- [What to produce]:
The line containing "Animal House: Set" marks the end; write out exactly every line from the start of the data up to and including it, without the pictures.

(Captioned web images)
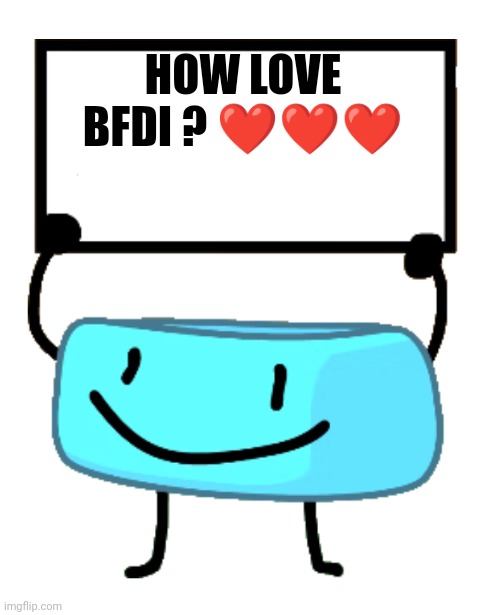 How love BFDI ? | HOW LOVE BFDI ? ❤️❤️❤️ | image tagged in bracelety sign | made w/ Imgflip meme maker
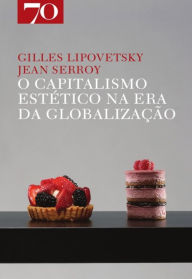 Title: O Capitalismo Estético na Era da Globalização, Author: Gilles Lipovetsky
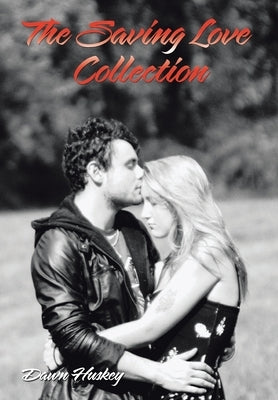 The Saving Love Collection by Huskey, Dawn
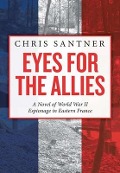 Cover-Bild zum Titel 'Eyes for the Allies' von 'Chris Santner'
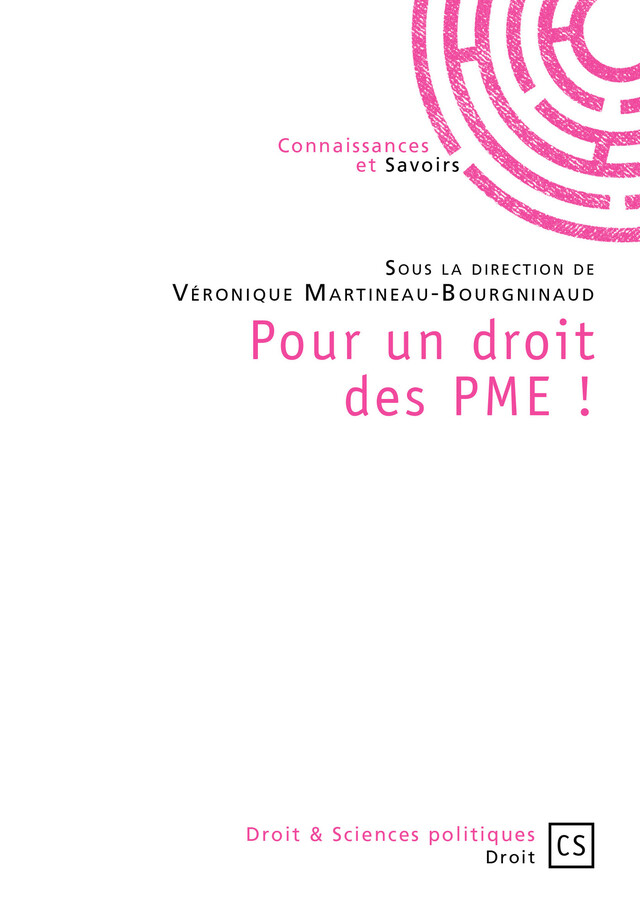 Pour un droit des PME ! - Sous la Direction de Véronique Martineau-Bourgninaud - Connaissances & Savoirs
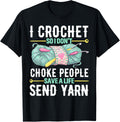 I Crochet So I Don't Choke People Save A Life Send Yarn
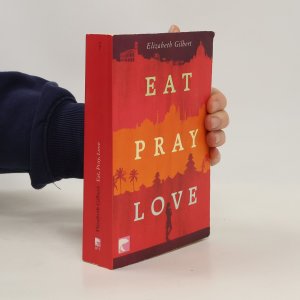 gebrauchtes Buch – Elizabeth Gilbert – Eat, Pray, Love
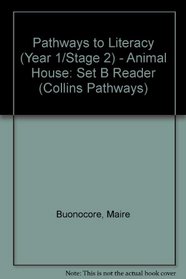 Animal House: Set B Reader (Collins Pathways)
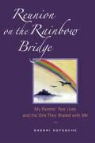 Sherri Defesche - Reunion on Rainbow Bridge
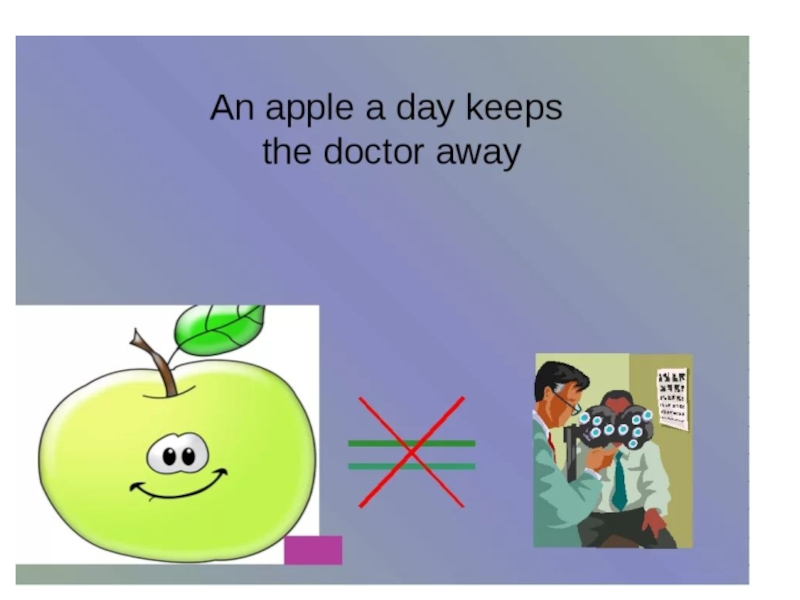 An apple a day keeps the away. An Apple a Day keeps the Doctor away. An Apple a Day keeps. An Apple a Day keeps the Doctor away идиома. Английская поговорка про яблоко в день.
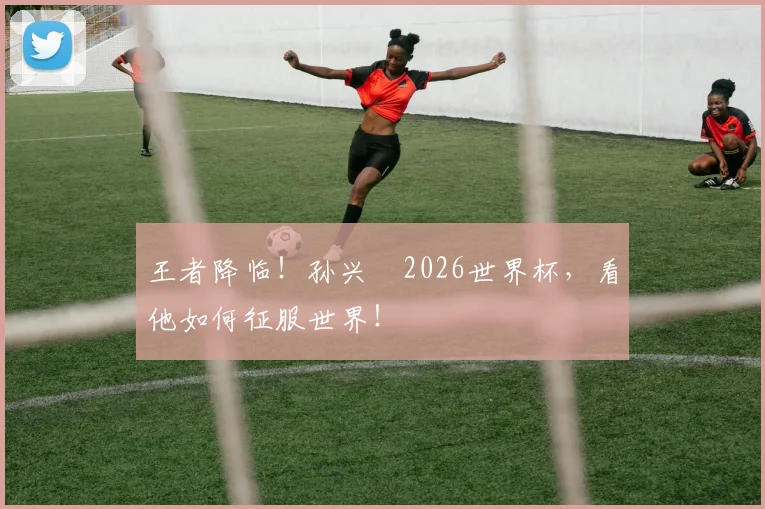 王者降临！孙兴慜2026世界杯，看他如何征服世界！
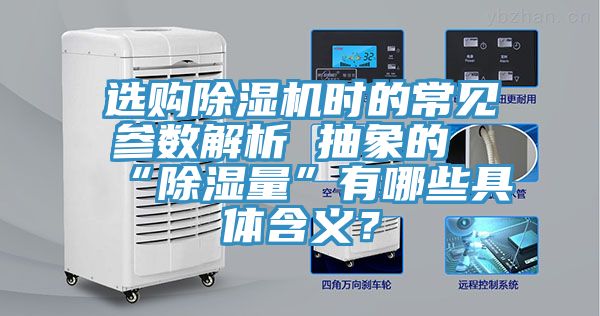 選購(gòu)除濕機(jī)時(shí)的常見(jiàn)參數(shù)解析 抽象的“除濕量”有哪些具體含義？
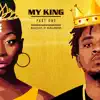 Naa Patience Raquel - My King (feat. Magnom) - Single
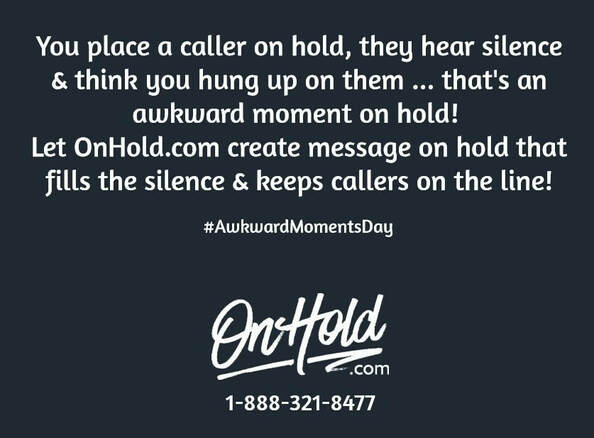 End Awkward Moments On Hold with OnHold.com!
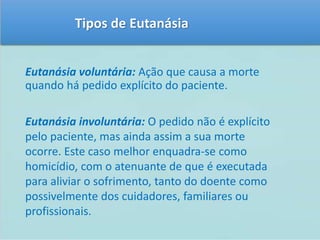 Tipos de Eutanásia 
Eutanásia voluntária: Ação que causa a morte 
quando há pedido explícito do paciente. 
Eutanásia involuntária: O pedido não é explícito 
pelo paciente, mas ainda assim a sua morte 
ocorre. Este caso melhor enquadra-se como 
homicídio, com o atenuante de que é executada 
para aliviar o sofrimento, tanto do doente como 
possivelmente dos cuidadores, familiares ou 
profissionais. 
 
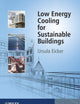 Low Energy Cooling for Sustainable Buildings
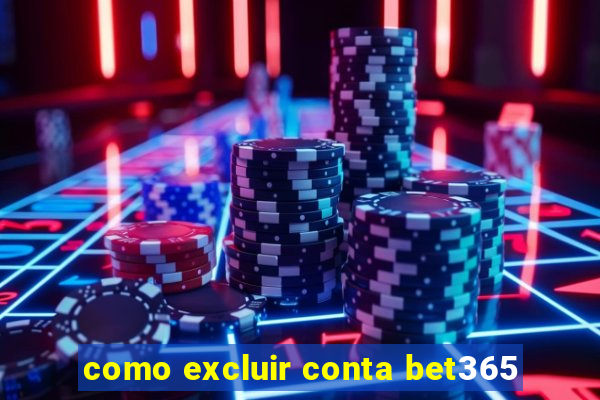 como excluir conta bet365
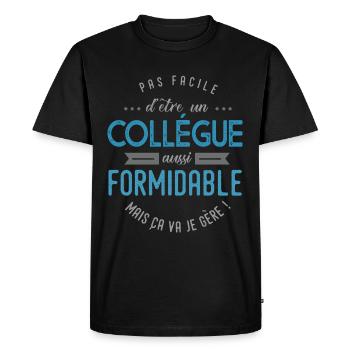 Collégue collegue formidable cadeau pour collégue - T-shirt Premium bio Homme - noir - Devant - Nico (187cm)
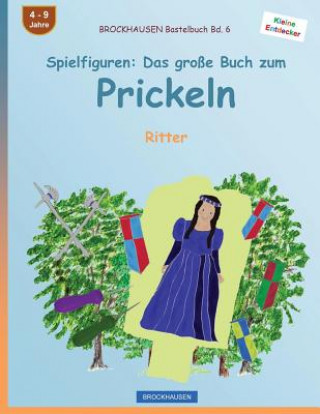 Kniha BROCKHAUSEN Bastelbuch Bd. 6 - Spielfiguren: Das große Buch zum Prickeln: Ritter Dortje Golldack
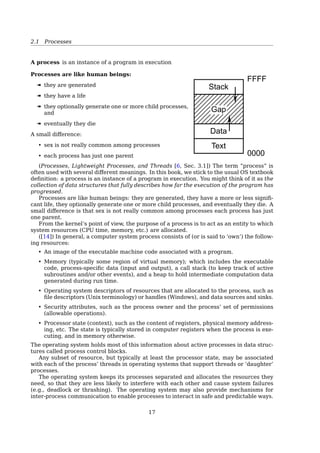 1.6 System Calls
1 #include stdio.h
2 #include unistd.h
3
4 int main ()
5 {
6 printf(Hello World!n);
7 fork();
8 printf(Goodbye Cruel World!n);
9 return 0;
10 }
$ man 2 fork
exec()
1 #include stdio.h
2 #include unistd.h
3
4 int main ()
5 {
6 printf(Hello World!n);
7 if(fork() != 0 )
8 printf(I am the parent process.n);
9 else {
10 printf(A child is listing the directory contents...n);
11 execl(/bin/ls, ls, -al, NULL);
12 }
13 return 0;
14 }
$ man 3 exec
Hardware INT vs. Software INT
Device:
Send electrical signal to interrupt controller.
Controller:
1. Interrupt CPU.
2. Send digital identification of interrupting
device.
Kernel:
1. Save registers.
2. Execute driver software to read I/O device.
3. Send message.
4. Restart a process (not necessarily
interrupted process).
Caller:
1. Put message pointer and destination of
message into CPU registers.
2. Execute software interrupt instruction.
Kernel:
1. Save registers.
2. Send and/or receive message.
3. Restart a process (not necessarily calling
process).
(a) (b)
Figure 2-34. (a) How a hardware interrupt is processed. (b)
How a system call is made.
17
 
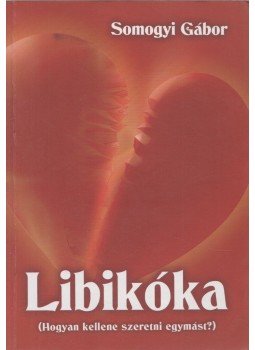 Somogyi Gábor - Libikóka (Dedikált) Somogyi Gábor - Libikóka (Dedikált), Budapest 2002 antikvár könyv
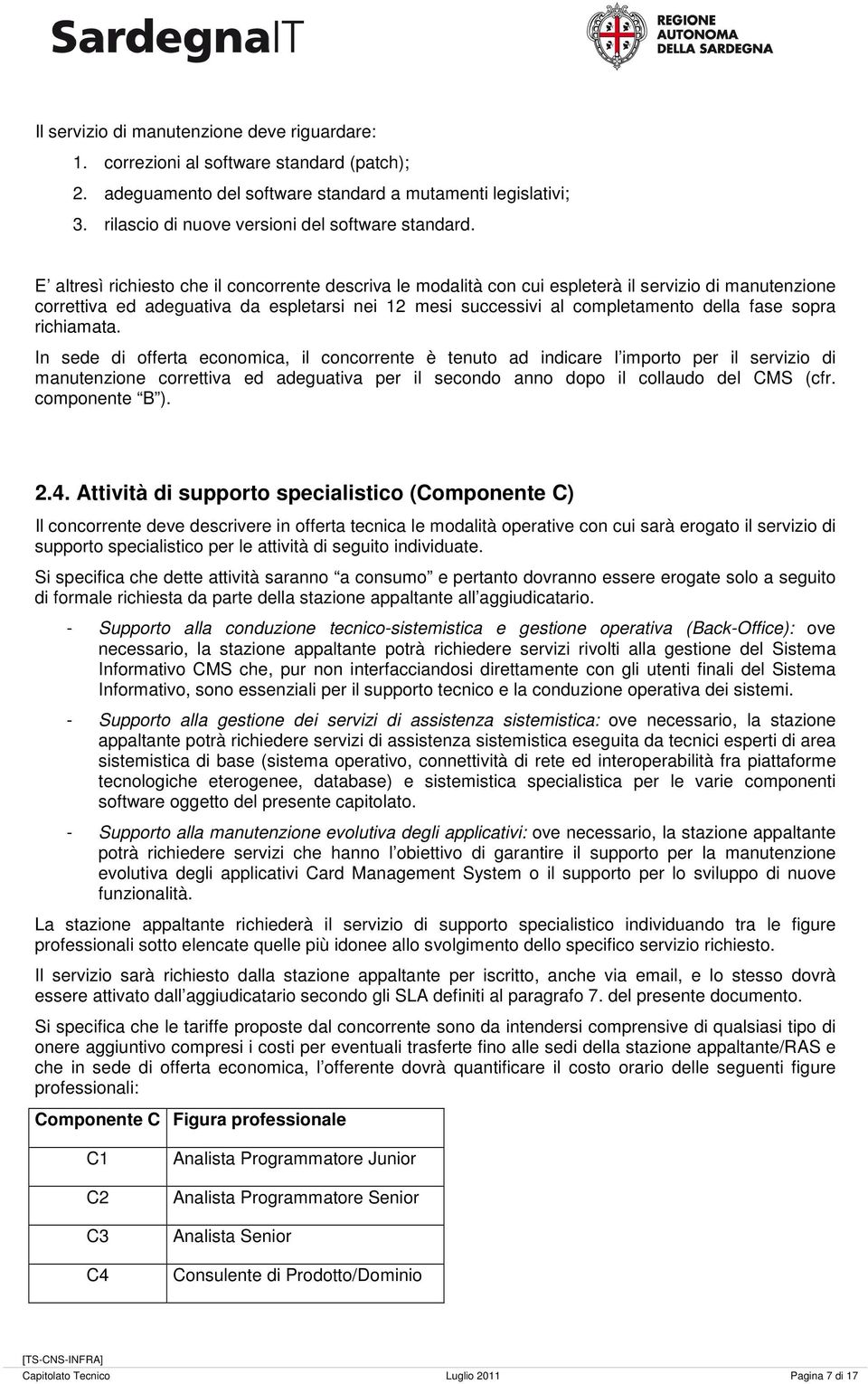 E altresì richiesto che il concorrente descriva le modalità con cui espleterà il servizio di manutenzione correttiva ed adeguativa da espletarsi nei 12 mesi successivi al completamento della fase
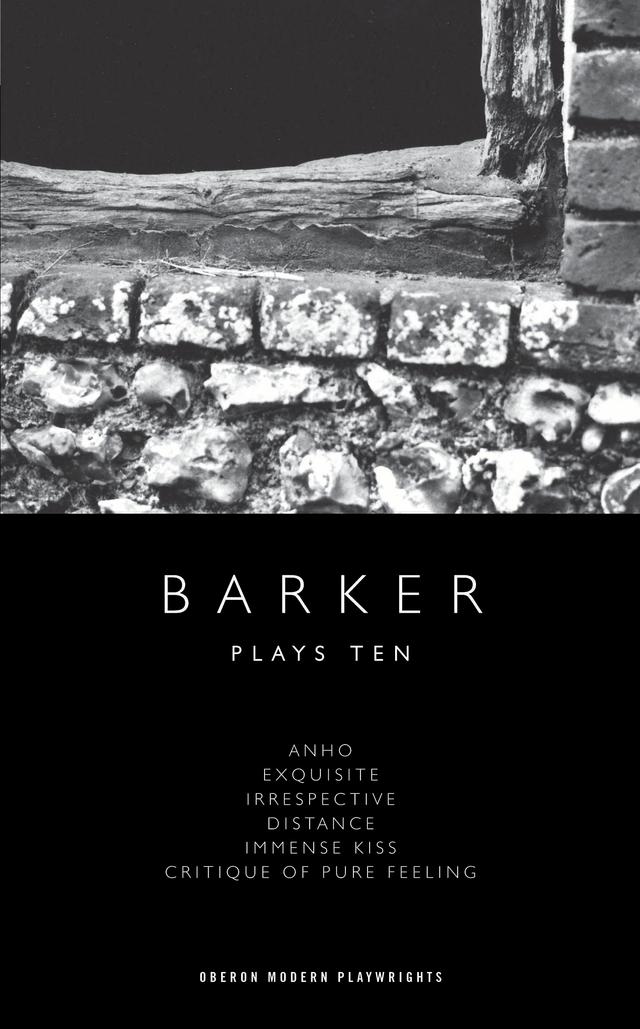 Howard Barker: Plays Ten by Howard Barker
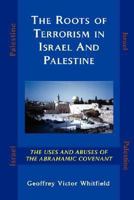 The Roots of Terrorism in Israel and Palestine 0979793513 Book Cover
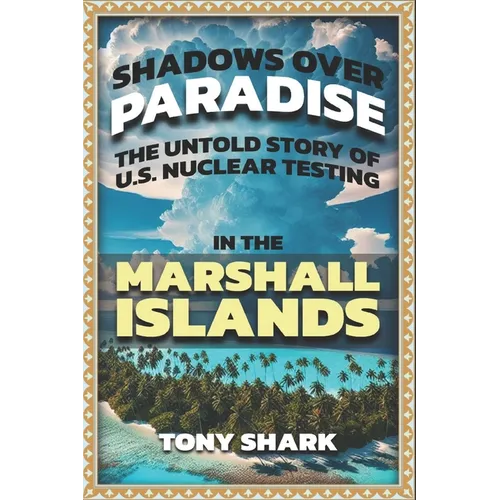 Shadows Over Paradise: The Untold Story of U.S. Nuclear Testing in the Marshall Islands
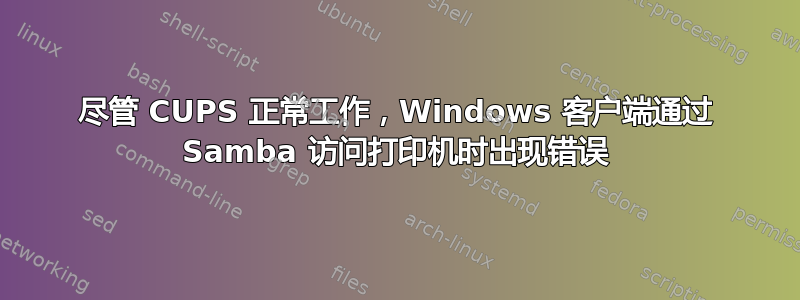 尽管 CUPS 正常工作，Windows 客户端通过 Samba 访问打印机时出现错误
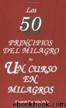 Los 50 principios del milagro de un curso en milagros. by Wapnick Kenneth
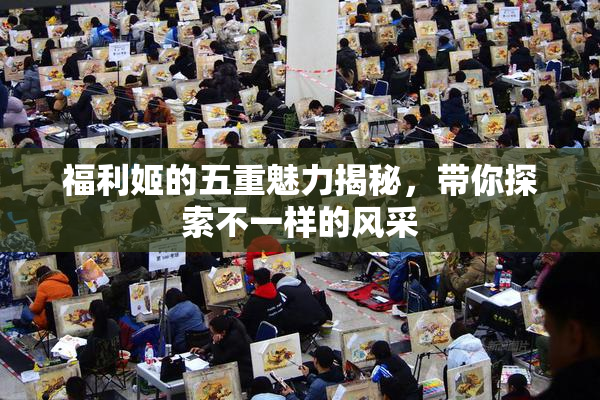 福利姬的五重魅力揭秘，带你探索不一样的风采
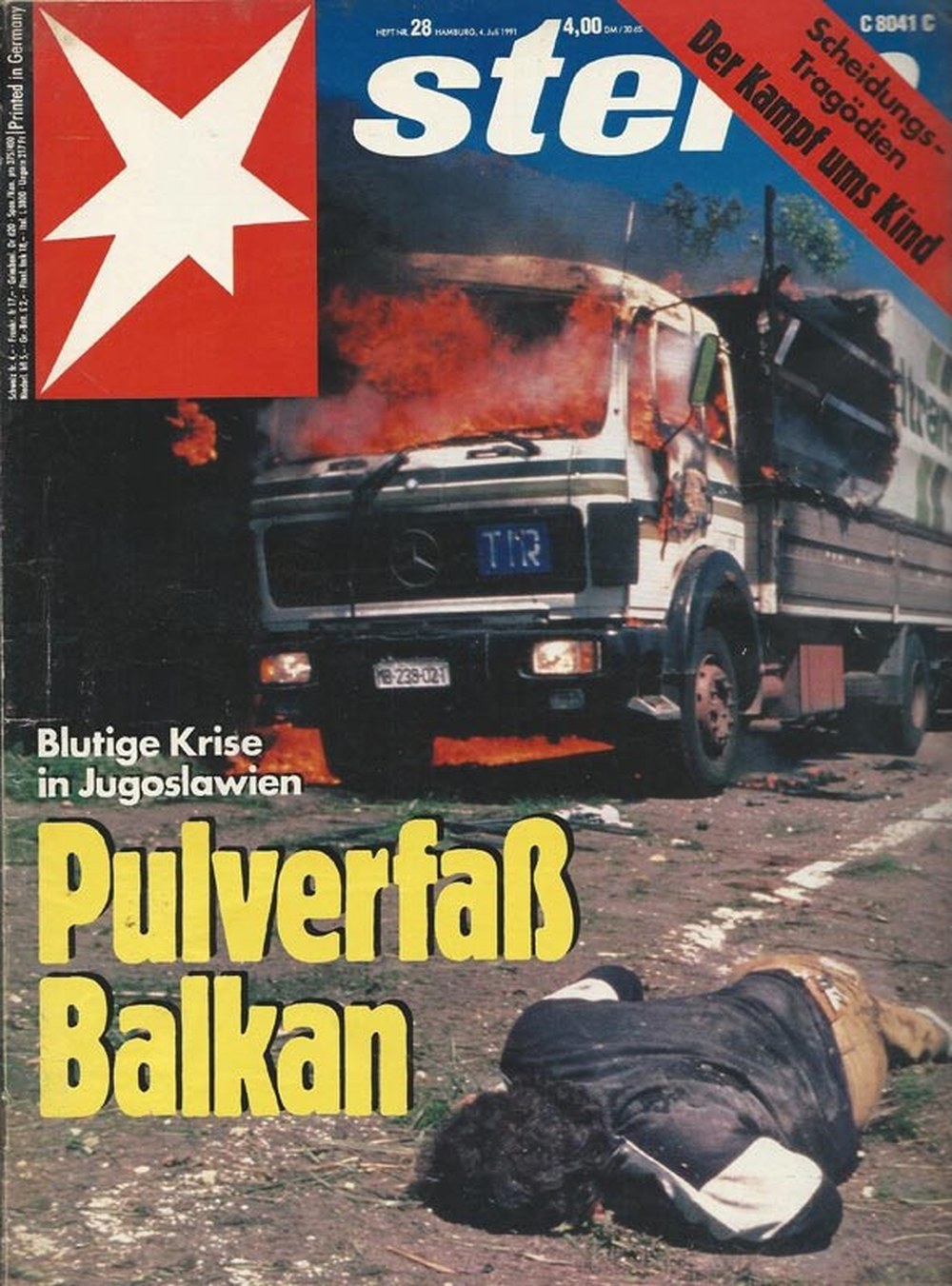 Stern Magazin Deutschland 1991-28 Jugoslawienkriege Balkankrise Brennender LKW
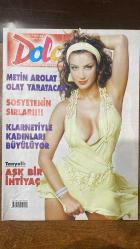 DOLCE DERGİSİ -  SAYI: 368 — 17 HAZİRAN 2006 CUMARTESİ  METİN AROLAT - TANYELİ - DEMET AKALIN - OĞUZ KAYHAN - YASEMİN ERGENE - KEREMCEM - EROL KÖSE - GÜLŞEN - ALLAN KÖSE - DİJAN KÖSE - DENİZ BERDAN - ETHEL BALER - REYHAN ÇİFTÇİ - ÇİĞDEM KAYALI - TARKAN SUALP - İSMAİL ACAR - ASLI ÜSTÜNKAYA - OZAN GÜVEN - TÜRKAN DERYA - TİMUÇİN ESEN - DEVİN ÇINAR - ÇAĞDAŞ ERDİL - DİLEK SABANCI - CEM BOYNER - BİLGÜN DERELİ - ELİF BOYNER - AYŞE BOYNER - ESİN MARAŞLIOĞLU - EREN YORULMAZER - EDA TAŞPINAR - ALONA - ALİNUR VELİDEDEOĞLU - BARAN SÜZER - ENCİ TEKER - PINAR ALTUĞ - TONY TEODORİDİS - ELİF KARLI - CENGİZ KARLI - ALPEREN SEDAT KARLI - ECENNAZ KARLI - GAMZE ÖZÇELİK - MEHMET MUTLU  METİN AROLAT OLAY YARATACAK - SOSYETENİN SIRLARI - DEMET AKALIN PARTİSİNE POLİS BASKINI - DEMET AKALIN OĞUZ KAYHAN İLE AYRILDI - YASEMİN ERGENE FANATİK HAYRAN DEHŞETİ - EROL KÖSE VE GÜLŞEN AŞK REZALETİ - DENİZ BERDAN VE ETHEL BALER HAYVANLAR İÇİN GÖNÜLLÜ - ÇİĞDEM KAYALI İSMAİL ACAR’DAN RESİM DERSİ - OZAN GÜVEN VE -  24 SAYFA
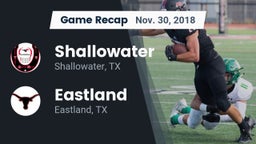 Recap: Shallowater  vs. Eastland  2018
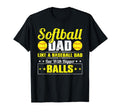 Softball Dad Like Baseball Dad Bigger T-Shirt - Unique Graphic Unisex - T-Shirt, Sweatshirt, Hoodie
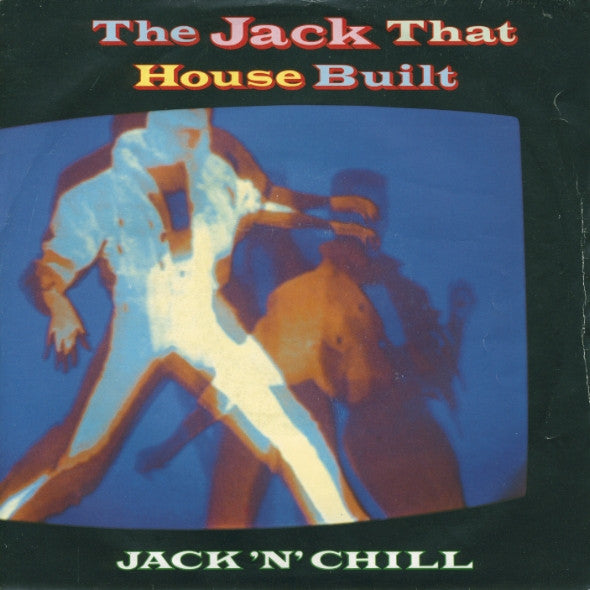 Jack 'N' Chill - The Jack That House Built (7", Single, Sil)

- [Completed exercise]:
 How love BFDI ? | HOW LOVE BFDI ? ❤️❤️❤️ | image tagged in bracelety sign | made w/ Imgflip meme maker
 Title: O Capitalismo Estético na Era da Globalização, Author: Gilles Lipovetsky
 The Saving Love Collection by Huskey, Dawn
 Cover-Bild zum Titel 'Eyes for the Allies' von 'Chris Santner'
 Pour un droit des PME ! - Sous la Direction de Véronique Martineau-Bourgninaud - Connaissances & Savoirs
 I Crochet So I Don't Choke People Save A Life Send Yarn
 gebrauchtes Buch – Elizabeth Gilbert – Eat, Pray, Love
 Animal House: Set B Reader (Collins Pathways)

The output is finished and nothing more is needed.